Me Aurore Le Guyon, conseil d'une société victime, décrit une filière "avec des bouteilles qui partent à Paris et puis après, très certainement, à l'étranger".

Pour l'avocate, "le point commun entre les voleurs" est un "receleur chinois", restaurateur âgé de 60 ans établi en Gironde. "Receleur? Moi je parlerais plutôt d'un commanditaire", assène Me Novion.

Le qualificatif fait bondir Me Charles Dufranc, avocat du sexagénaire: "Il n'est pas du tout la cheville ouvrière d'un trafic à 5 millions d'euros", s'insurge-t-il. "C'est un galérien (...) Il y a une fraction des faits pour lesquels il s'est compromis, après il a aussi beaucoup subi."

Ce prévenu encourt pour sa part 10 ans d'emprisonnement.
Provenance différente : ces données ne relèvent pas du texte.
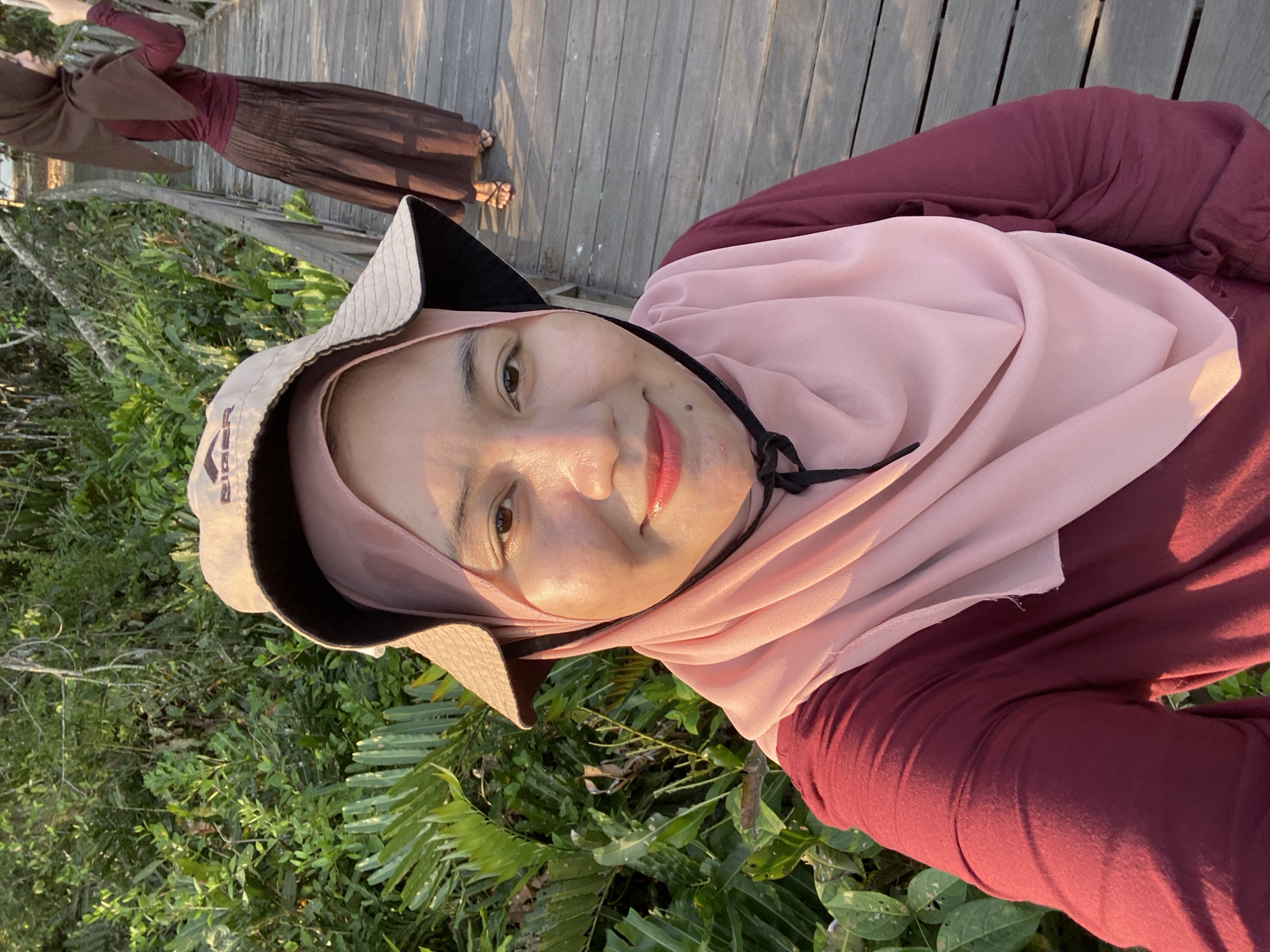 The image shows a selfie taken by a woman in the foreground, who is wearing a pink hijab, a maroon long-sleeved shirt, and a light-colored bucket hat. She is smiling at the camera. Behind her, on a wooden boardwalk, another woman wearing a brown hijab and a long brown skirt is standing and looking away from the camera while holding a phone. The environment appears to be a natural setting with dense green foliage to the left of the boardwalk and the wooden planks of the boardwalk stretching into the distance. The lighting suggests it is either sunrise or sunset. The location is identified as Sungai Pitung, Indonesia.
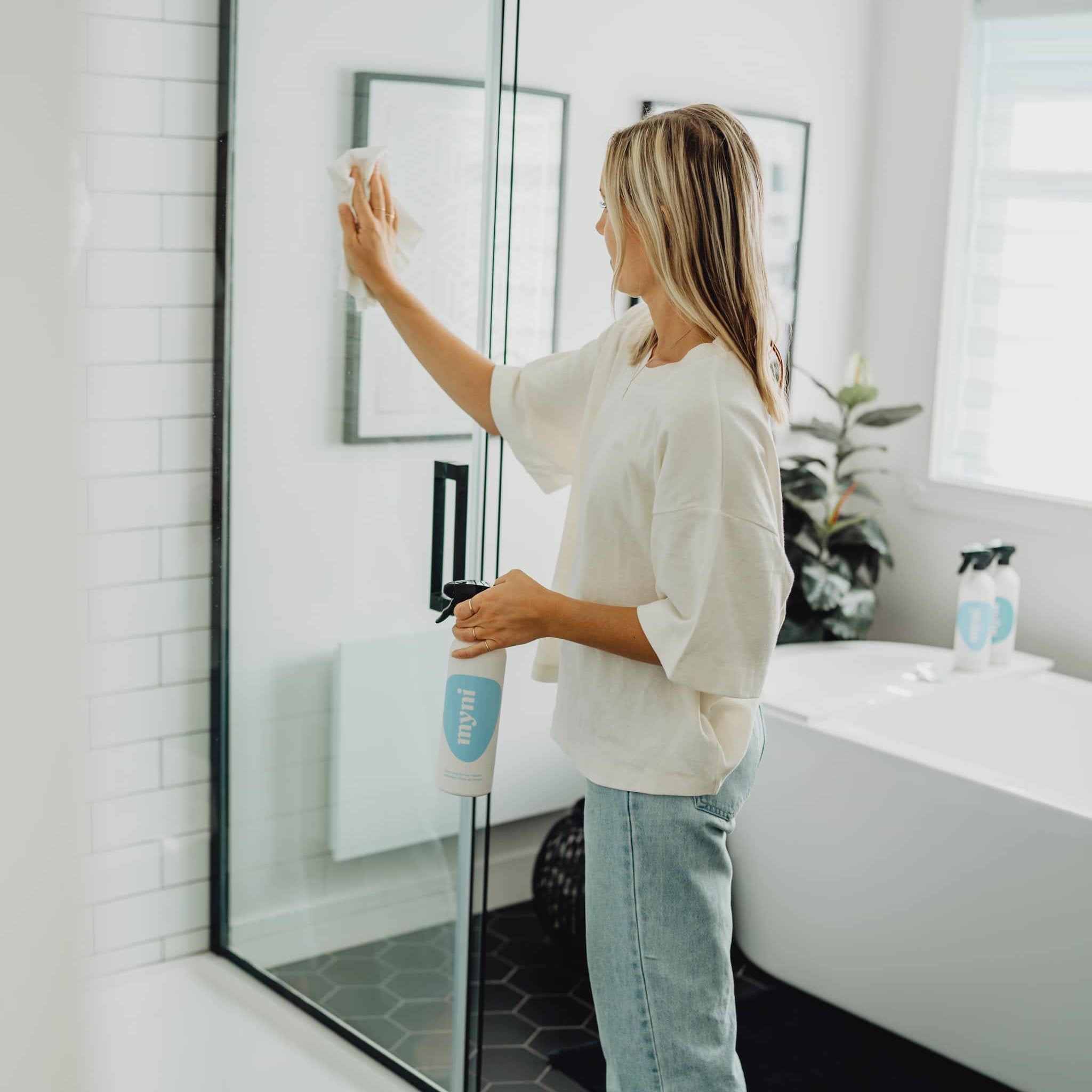 woman cleaning her shower glass door with myni's glass & mirror cleaner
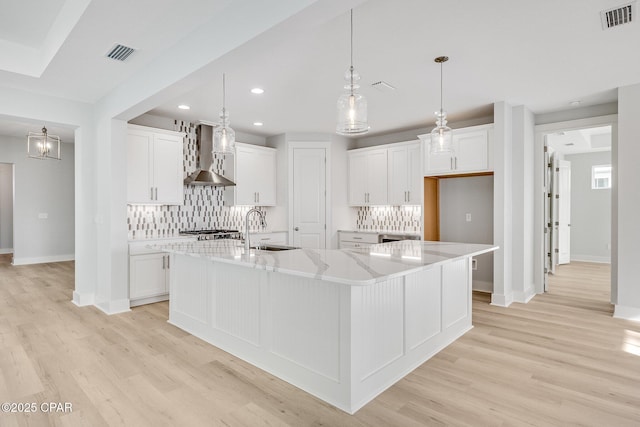 kitchen featuring wall chimney range hood, white cabinets, and a spacious island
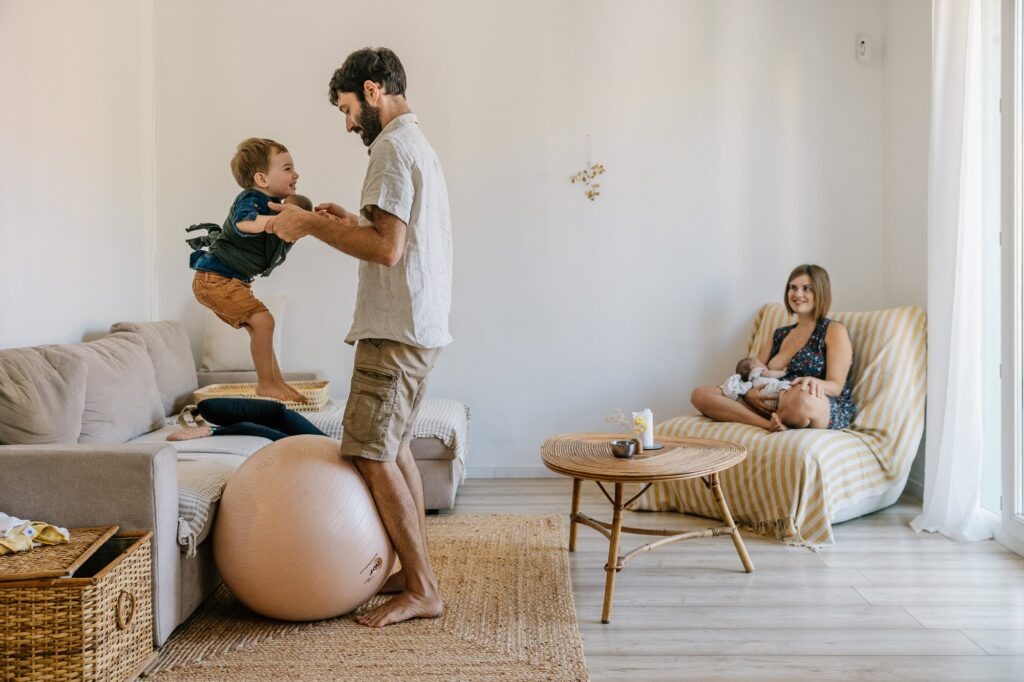 Séance photo nouveau-né à domicile à L'Estaque, Marseille : papa joue avec le grand frère pendant que maman tient le bébé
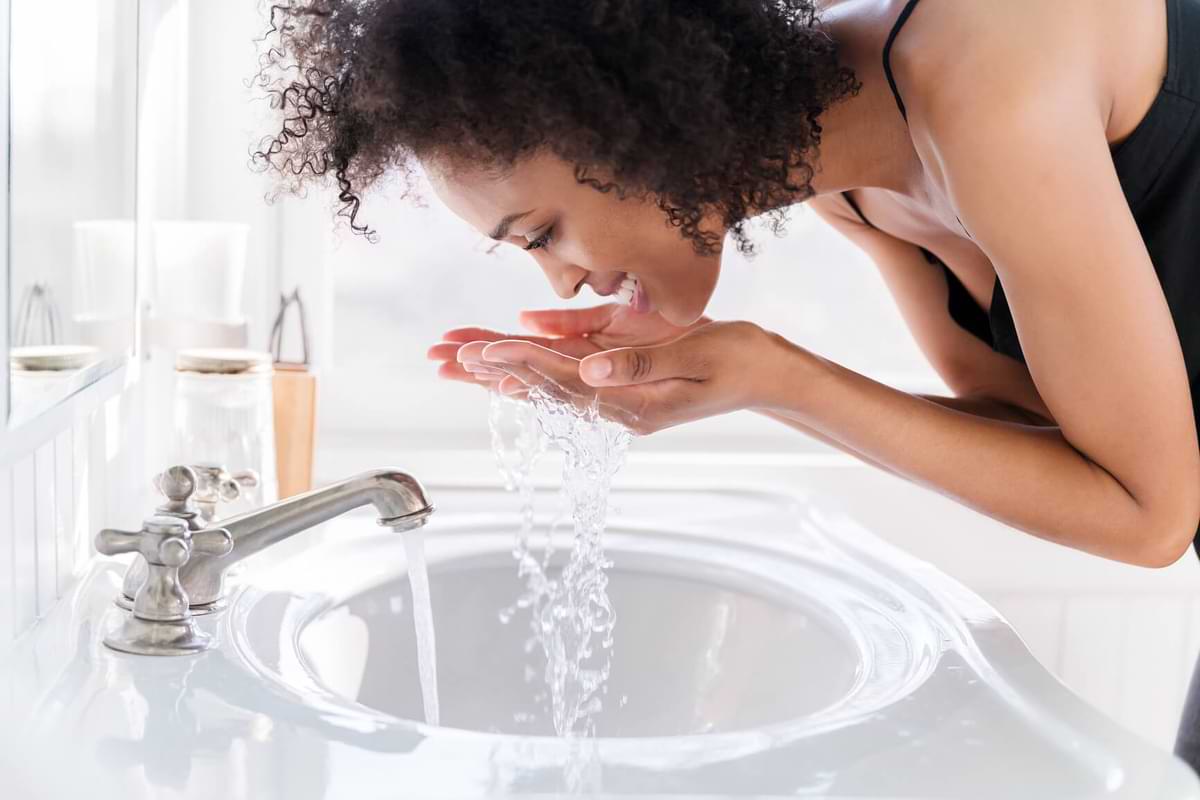 Black woman bending over a sink splashing water on her face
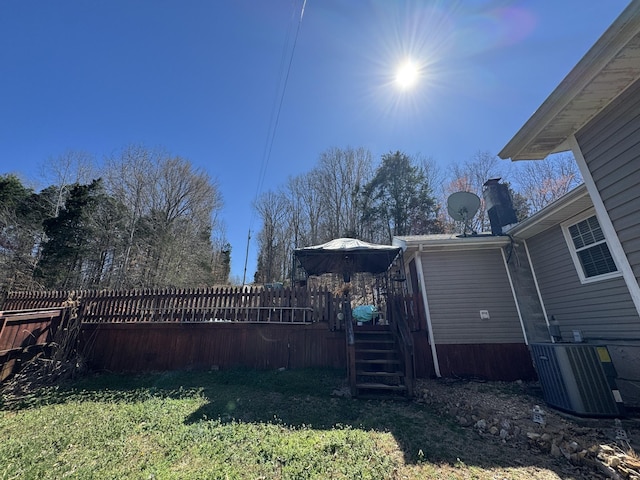 view of yard with central AC unit and a deck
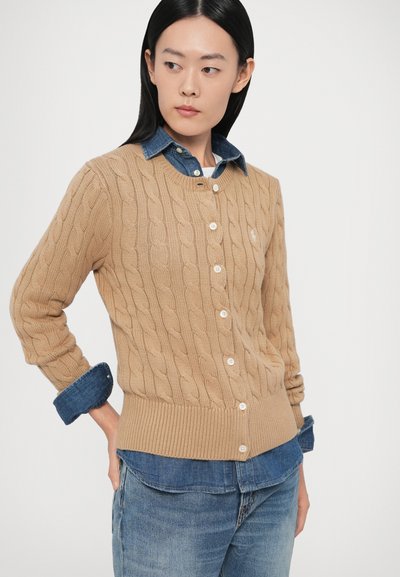 Bēšs adīts kardigans ar ribotiem apakšmalu un piecām pogām, valkāts virs zilas džinsa krekla. Piedāvā garas piedurknes ar salocītām aprocēm.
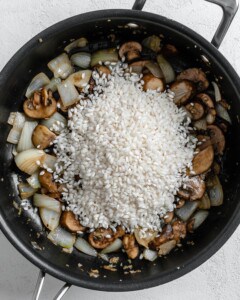 process of adding rice to black skillet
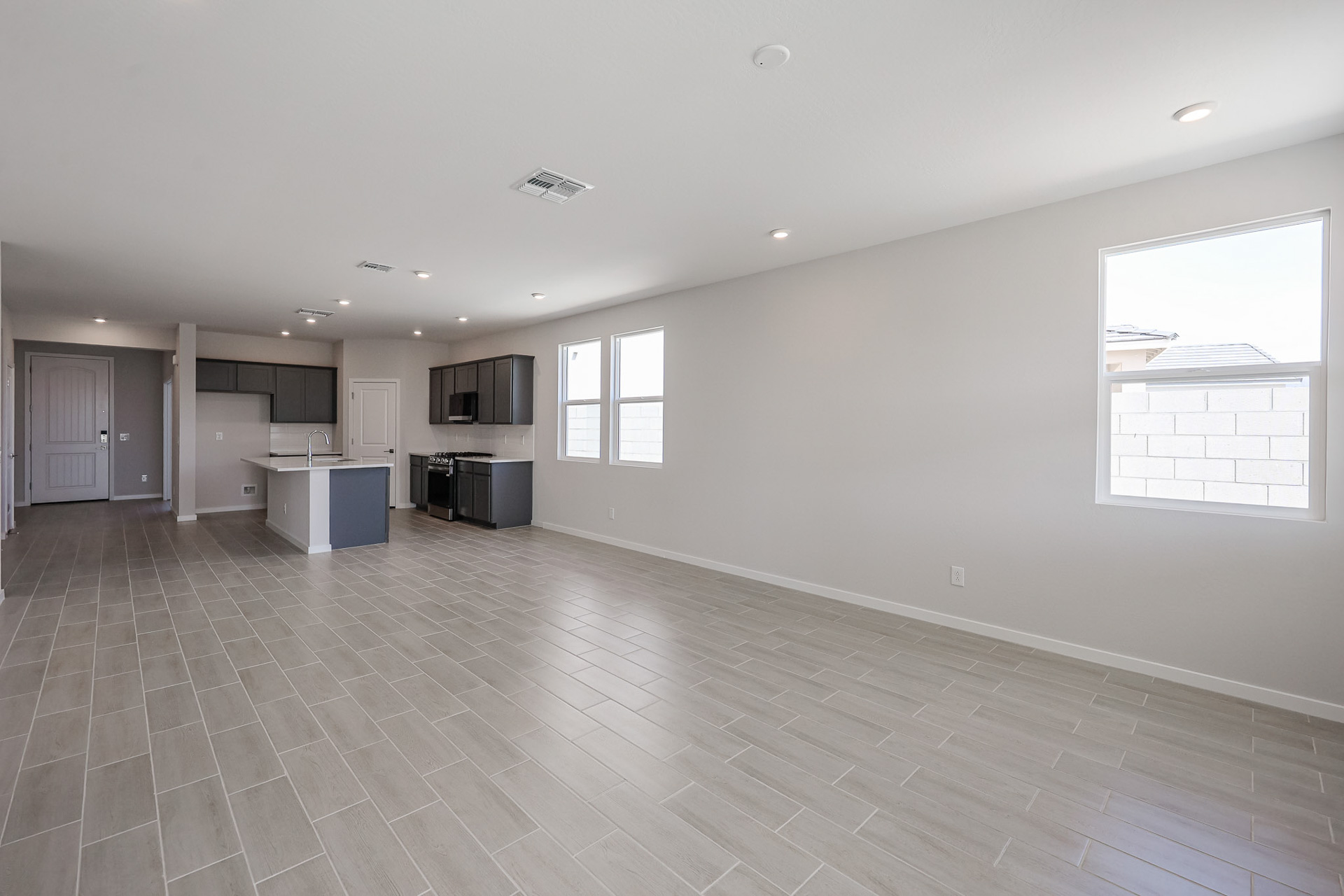 Unfurnished open-plan living area with tiled floors, neutral walls, large windows, and a modern kitchen with gray cabinets and a center island.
Mais le procès, ajourné en 2023 devant le tribunal correctionnel en raison d'irrégularités dans l'ordonnance de renvoi du juge d'instruction, ira-t-il à son terme ? Selon l'arrêt de la Cour de cassation, la cour d'appel devra d'abord décider si elle peut juger l'affaire, ou la renvoyer au parquet pour mise en conformité de l'ordonnance.

"En l'état, on est encore sur un dossier où l'ordonnance de règlement est déclarée irrégulière", fait valoir Me Dufranc.

Pour lui, les droits de la défense sont en outre "dégradés" par l'absence de jugement de première instance qui empêcherait les prévenus, en cas de condamnation, de faire appel sur le fond du dossier.

"C'est regrettable", confirme Me Novion, qui déplore aussi cette "perte d'un degré de juridiction".